United States District Court, E.D. Wisconsin

September 5, 2017

CARLOS C. MCDANIELS, Plaintiff,
v.
WARDEN JUDY SMITH, JIM ZANON, TODD GILLINGHAM, SGT. POBRANZ, CINDY O'DONNELL, BRAD HOMPE, KATHY SABEL, CITY OF OSHKOSH POLICE DEPARTMENT, and JOHN DOE, Defendants.

          ORDER

          J. P. Stadtmueller, U.S. District Judge.

         Plaintiff Carlos C. McDaniels, who is incarcerated at Oshkosh Correctional Institution (“Oshkosh”), proceeds in this matter pro se. He filed a complaint alleging that the defendants violated his constitutional rights. (Docket #1). This matter comes before the court on Plaintiff's petition to proceed without prepayment of the filing fee (in forma pauperis). (Docket #3). Plaintiff has been assessed and paid an initial partial filing fee of $20.14. See 28 U.S.C. § 1915(b)(1).

         The court shall screen complaints brought by prisoners seeking relief against a governmental entity or an officer or employee of a governmental entity. 28 U.S.C. § 1915A(a). The court must dismiss a complaint or portion thereof if the prisoner has raised claims that are legally “frivolous or malicious, ” that fail to state a claim upon which relief may be granted, or that seek monetary relief from a defendant who is immune from such relief. Id. § 1915A(b).

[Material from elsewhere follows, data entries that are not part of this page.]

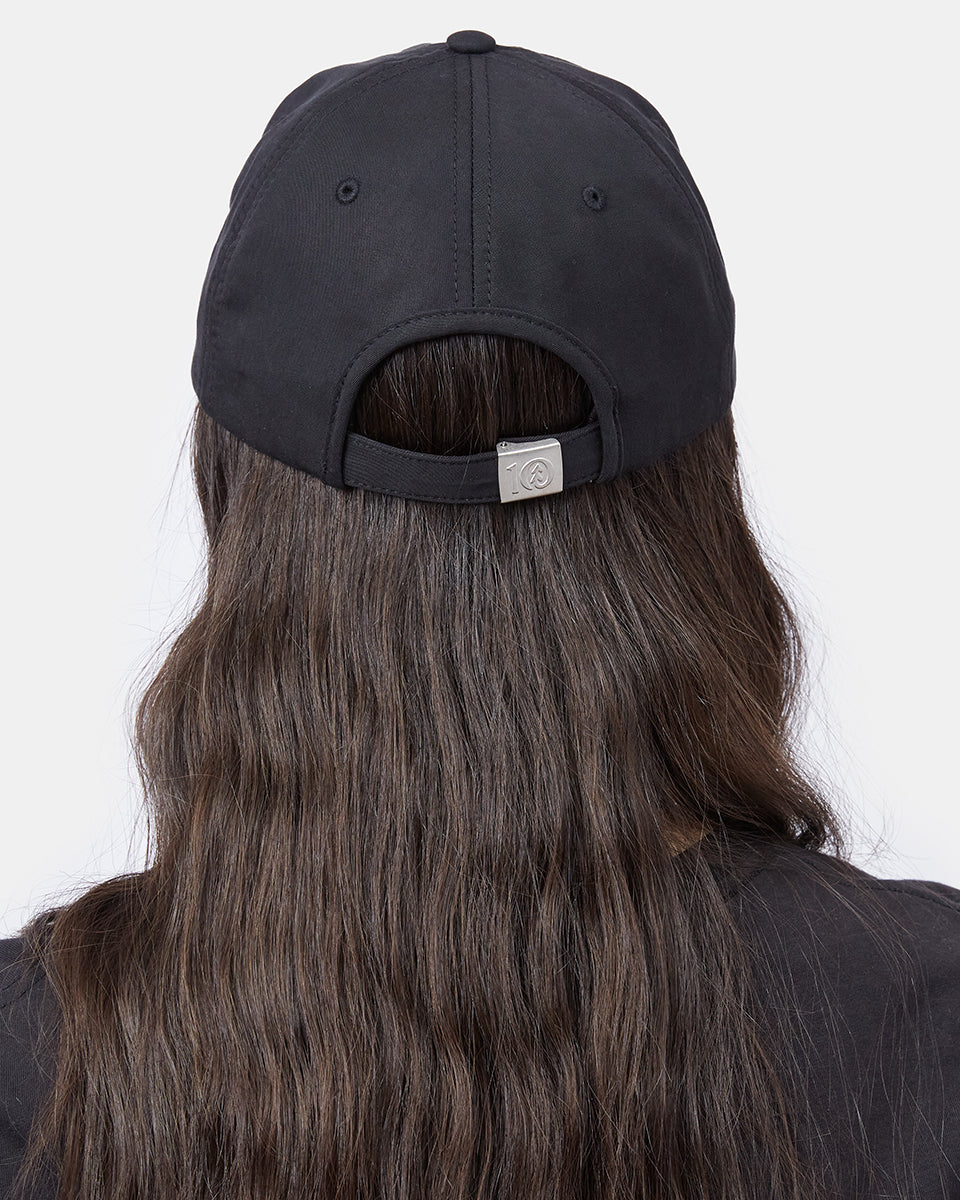 Tree Embroidery Tencel Peak Hat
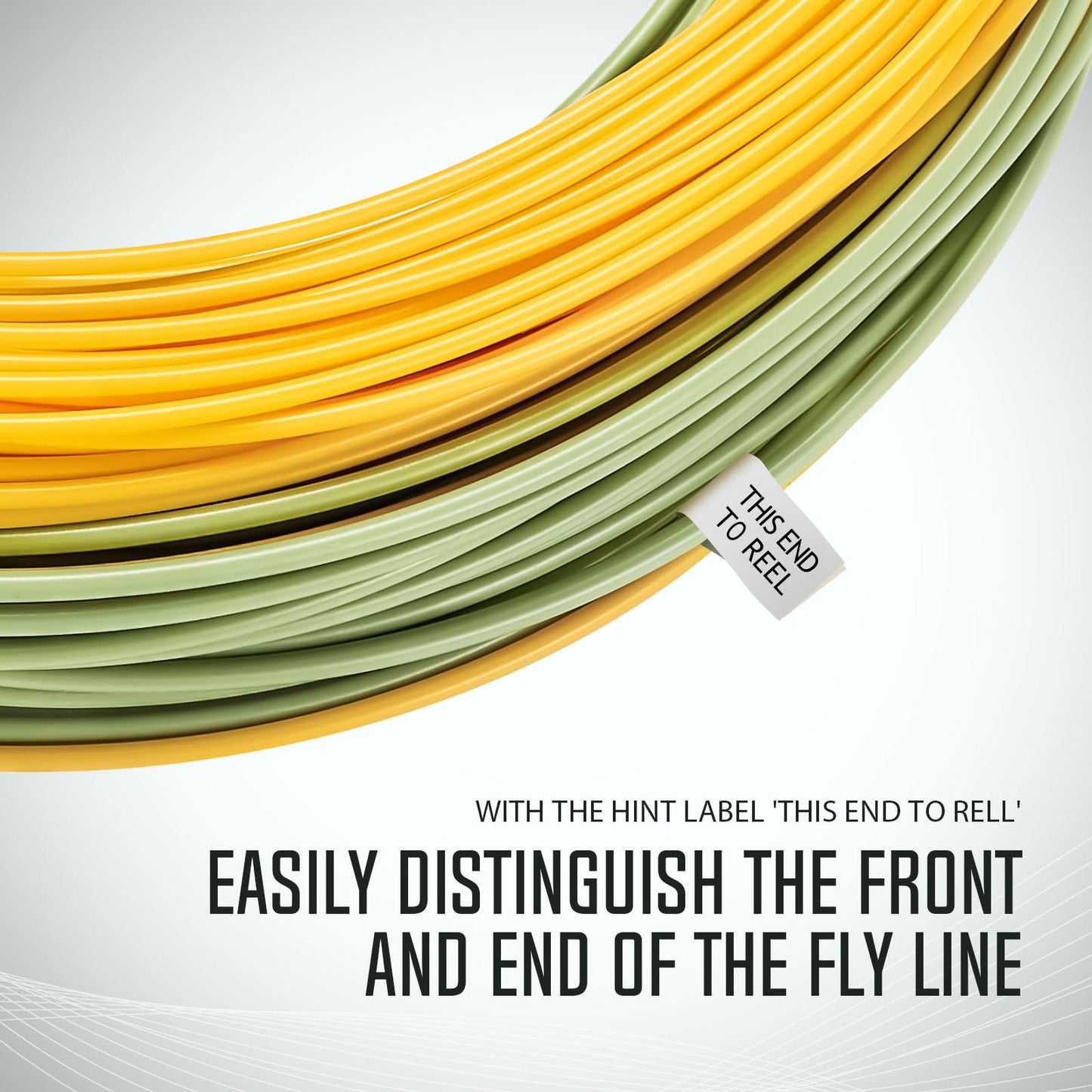 Piscifun Sword Fly Fishing Line with Welded Loop, Weight Forward Floating Fly Line, Available in WF1, WF2, WF3, WF4, WF5, WF6, WF7, WF8, WF9, and WF10 Weights, in Lengths of 90 and 100 Feet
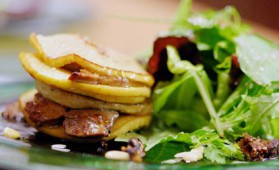 Escalope de foie gras aux pommes de lorraine pour 4 personnes ...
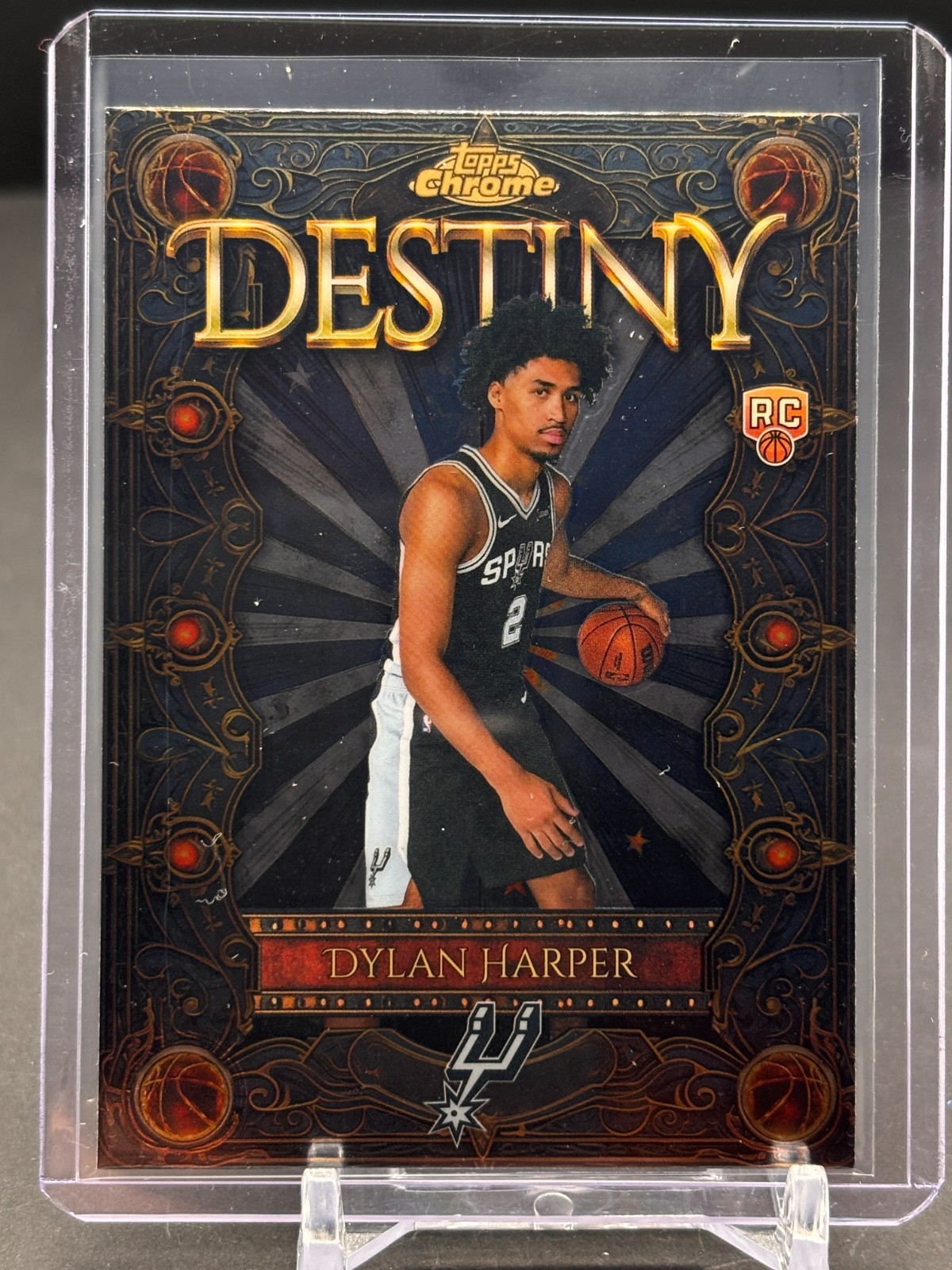 2025 Topps Chrome Basketball Dylan Harper Rookie RC Destiny Insert #D-2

         A claim is legally frivolous when it lacks an arguable basis either in law or in fact. Denton v. Hernandez, 504 U.S. 25, 31 (1992); Neitzke v. Williams, 490 U.S. 319, 325 (1989); Hutchinson ex rel. Baker v. Spink, 126 F.3d 895, 900 (7th Cir. 1997). The court may, therefore, dismiss a claim as frivolous where it is based on an indisputably meritless legal theory or where the factual contentions are clearly baseless. Neitzke, 490 U.S. at 327. “Malicious, ” although sometimes treated as a synonym for “frivolous, ” “is more usefully construed as intended to harass.” Lindell v. McCallum, 352 F.3d 1107, 1109-10 (7th Cir. 2003) (citations omitted).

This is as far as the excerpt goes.